====== Provided records ======

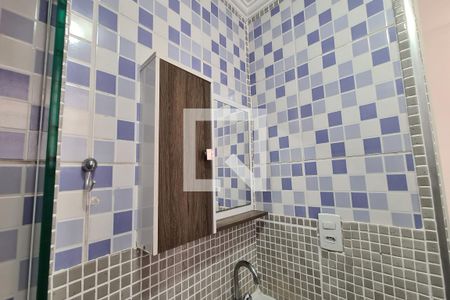 Casa à venda com 240m², 4 quartos e 2 vagasBanheiro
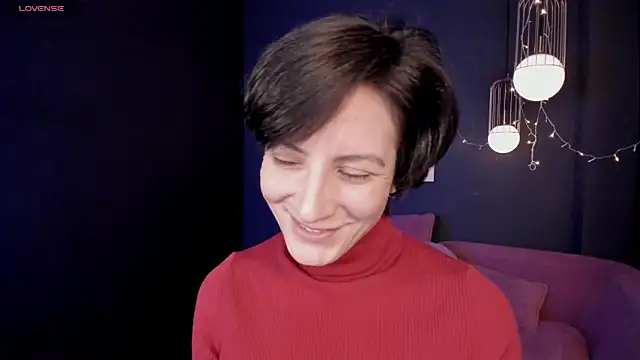 LorenDaze online show from February 19, 2025, 2:01 pm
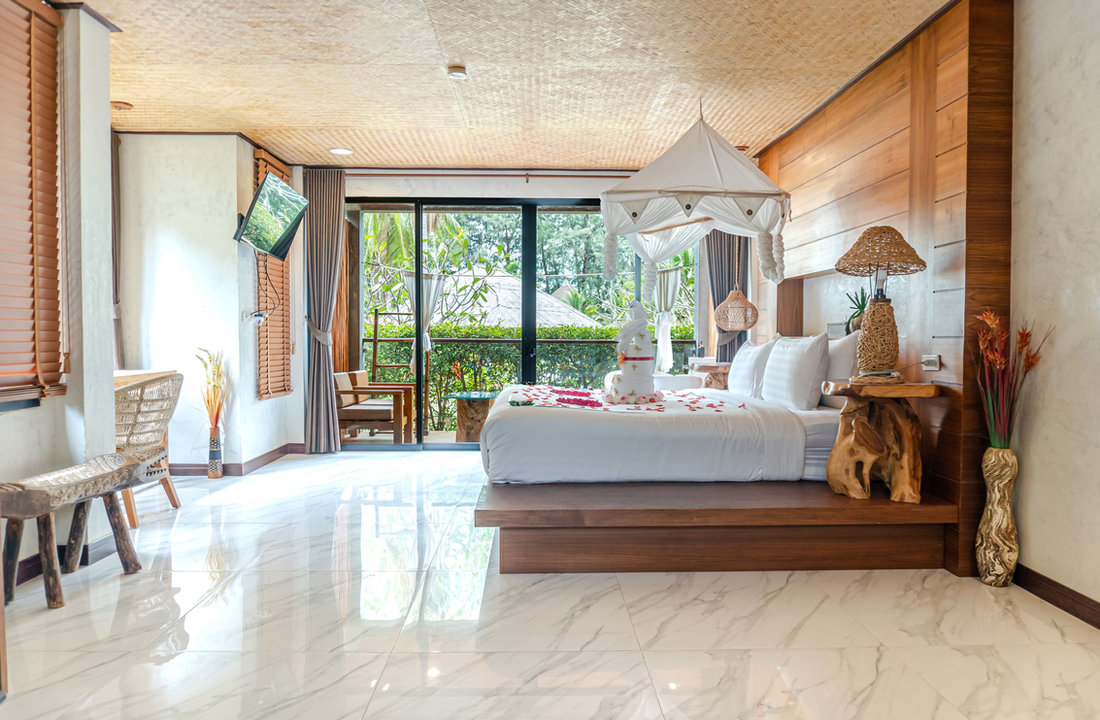 Seaside Pavilion Room with garden view and balcony bathtub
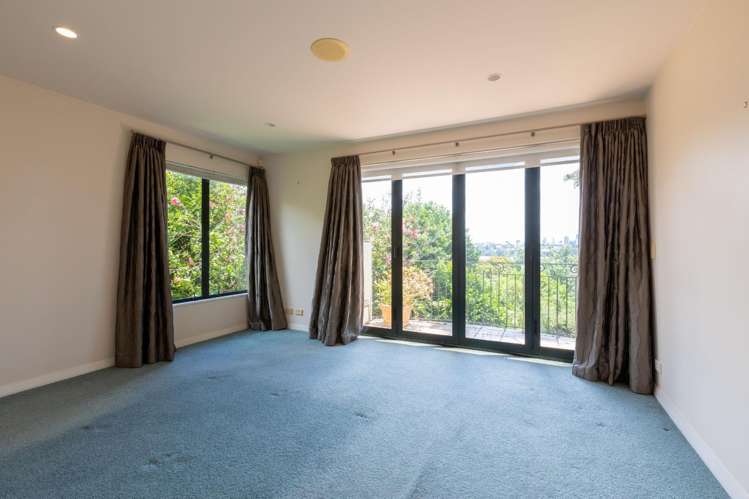 1 Awarua Crescent Orakei_10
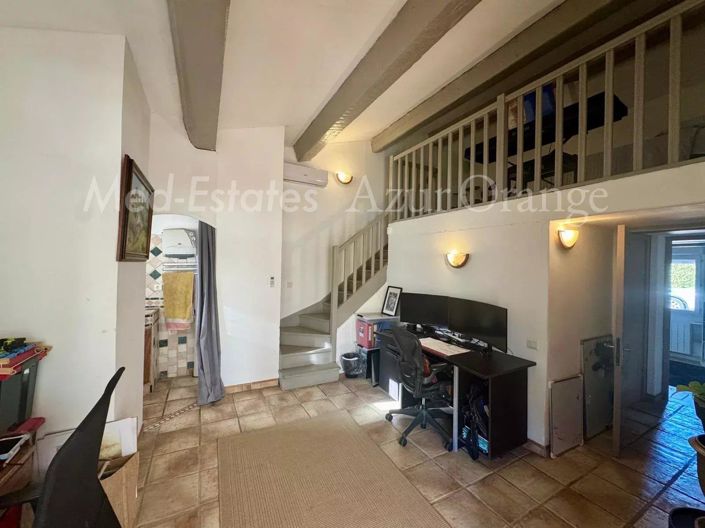 Image No.17-4 Bed House for sale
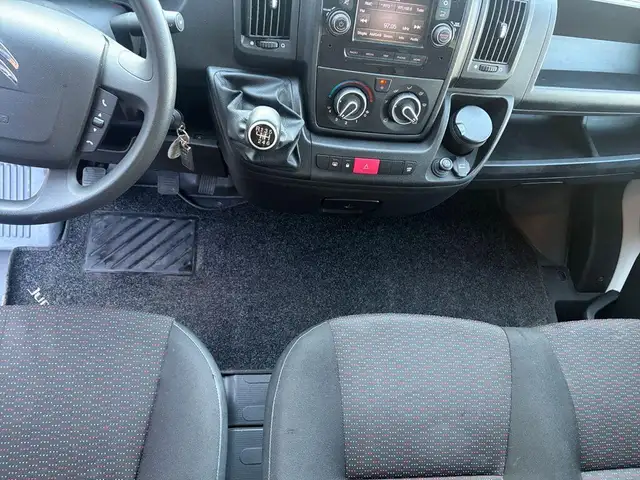 Citroen Jumper view 11
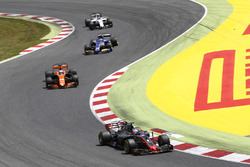 Ромен Грожан, Haas F1 VF-17, Фернандо Алонсо, McLaren MCL32, Паскаль Верляйн, Sauber C36, Лэнс Строл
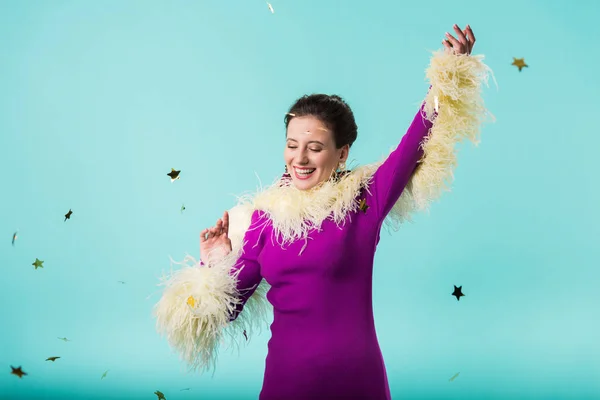 Menina Festa Feliz Vestido Roxo Com Penas Sob Queda Confete — Fotografia de Stock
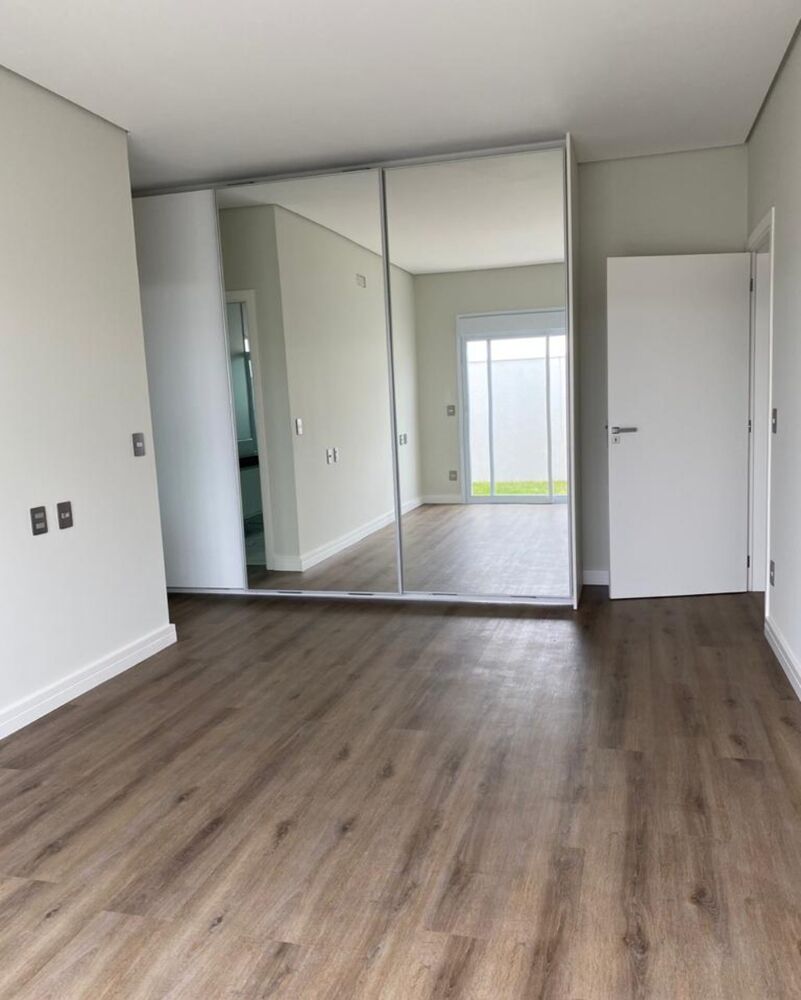 Casa à venda com 4 quartos, 440m² - Foto 18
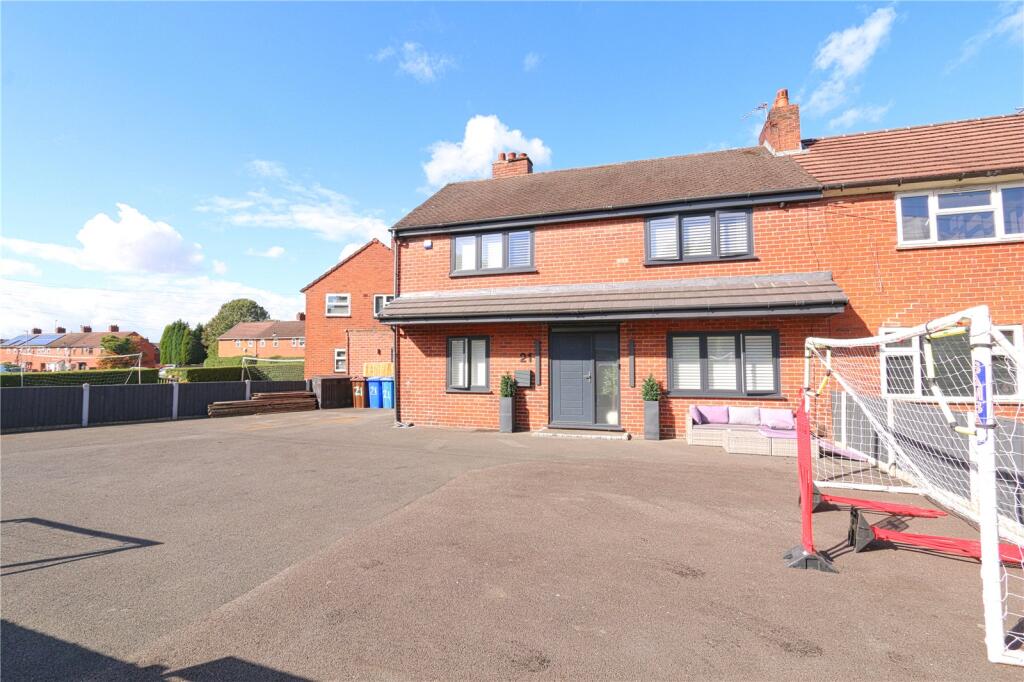 Main image of property: Elizabeth Avenue, Denton, Manchester, Greater Manchester, M34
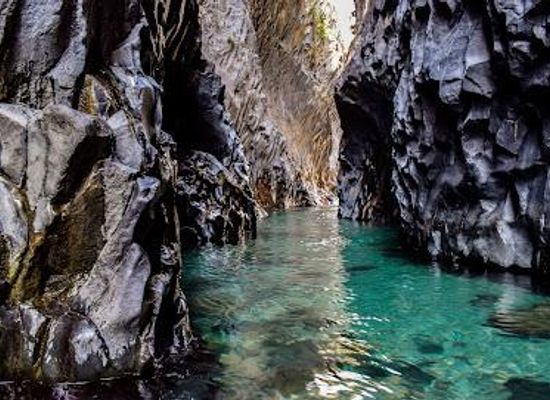 italy/sicily/attraction/parco-fluviale-dell-alcantara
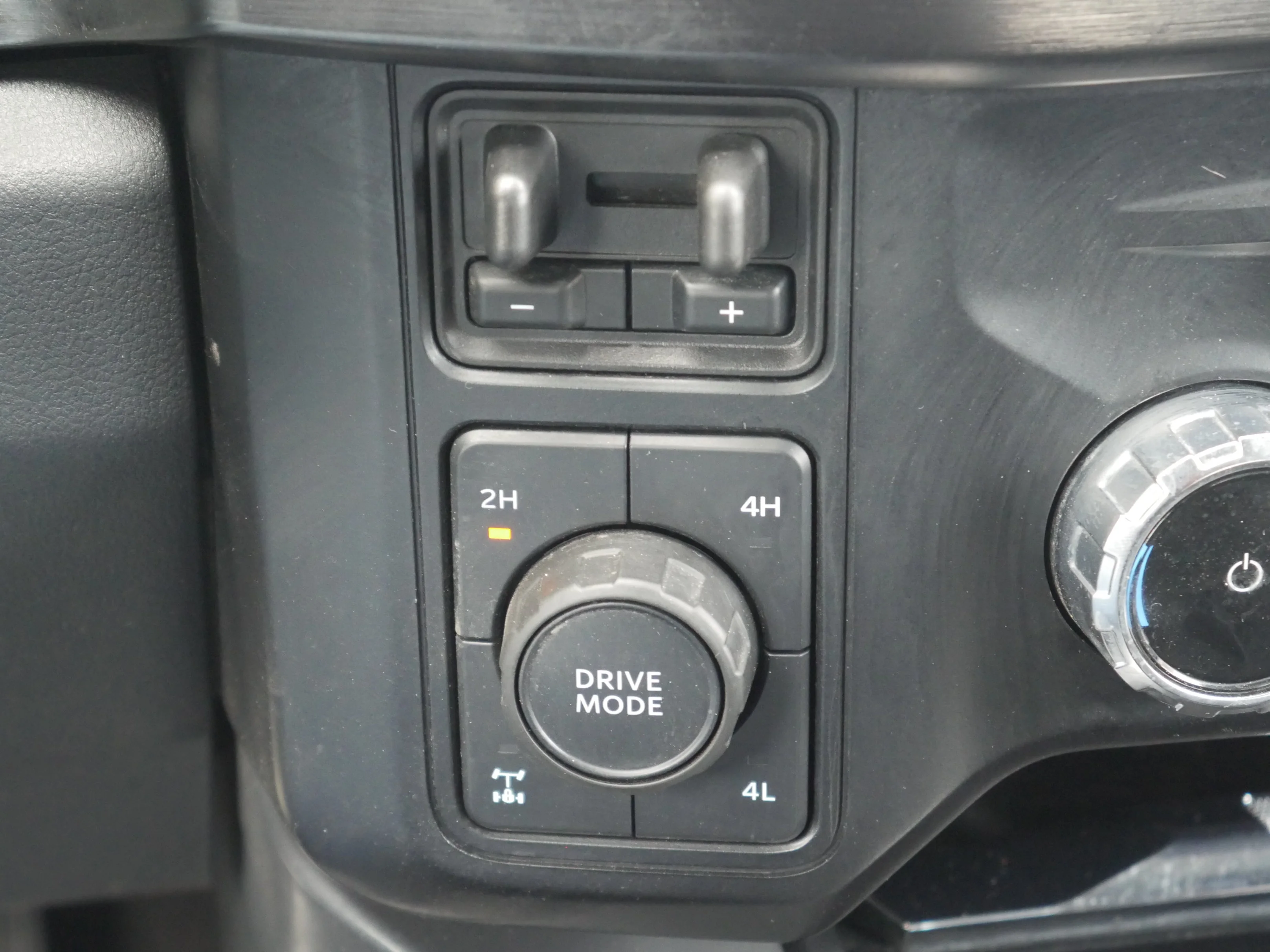 Certified Used 2024 Agate Black Metallic Ford LARIAT image 9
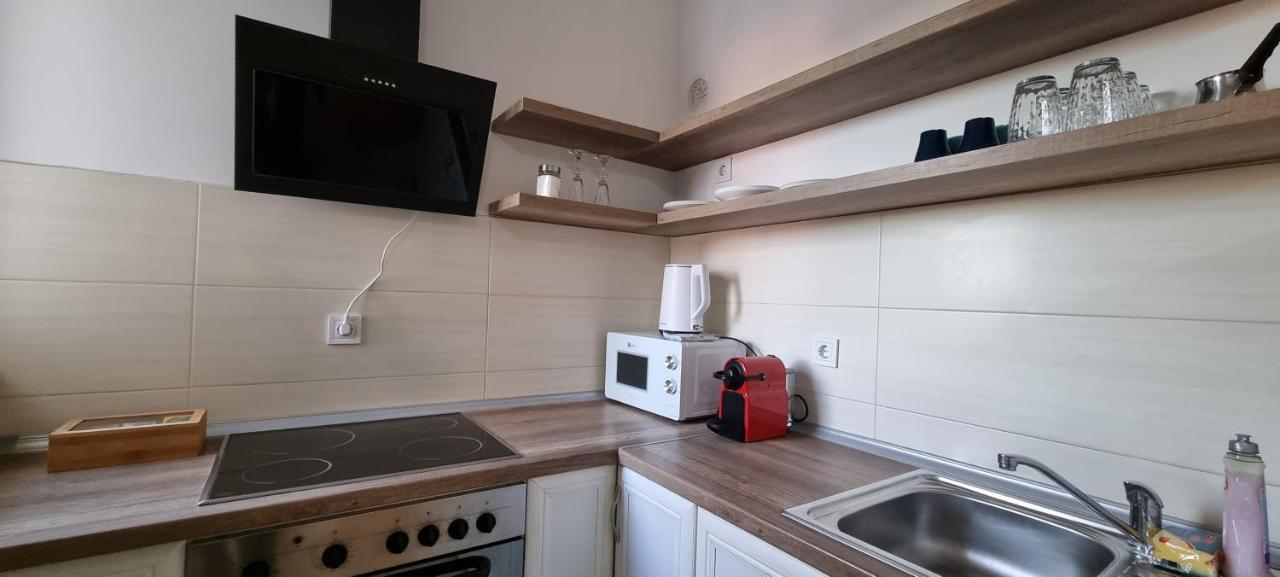 Grove II Apartment = Strict City Centre Novi Sad Exterior foto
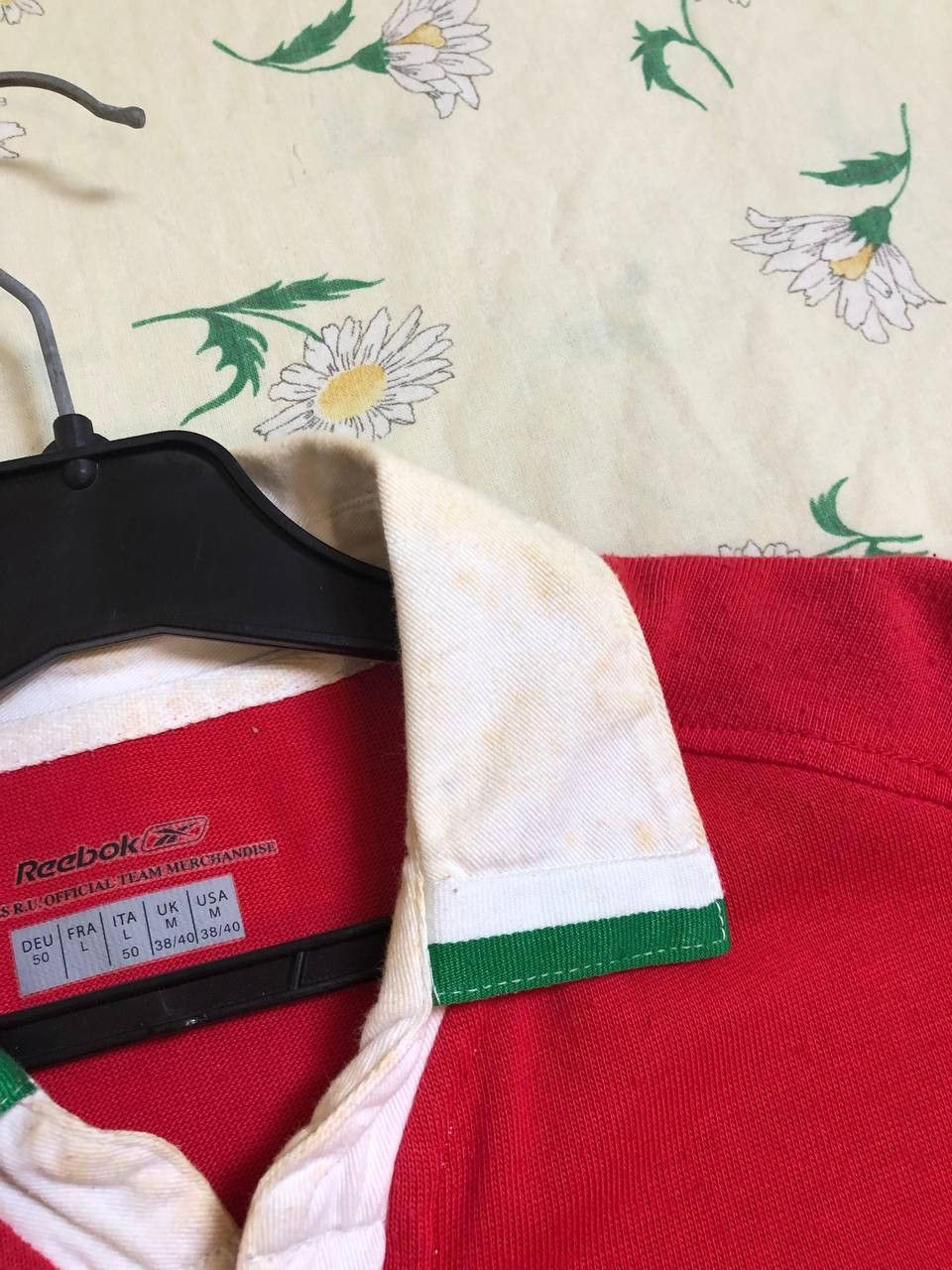 Reebok Wales Rugby Union Vintage Reebok home jersey shirt Size US M / EU 48-50 / 2 - 8 Thumbnail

======

**What to do**.
Write out exactly the lines above, from the very first through the line containing "Casa à venda com 4 quartos, 440m² - Foto 18", both kept, with the pictures removed.

**Answer for the task**.
 Casa à venda com 240m², 4 quartos e 2 vagasBanheiro
 LorenDaze online show from February 19, 2025, 2:01 pm
 Seaside Pavilion Room with garden view and balcony bathtub
 1 Awarua Crescent Orakei_10
 Image No.17-4 Bed House for sale
 Citroen Jumper view 11
 Ромен Грожан, Haas F1 VF-17, Фернандо Алонсо, McLaren MCL32, Паскаль Верляйн, Sauber C36, Лэнс Строл
 Menina Festa Feliz Vestido Roxo Com Penas Sob Queda Confete — Fotografia de Stock
 Casa à venda com 4 quartos, 440m² - Foto 18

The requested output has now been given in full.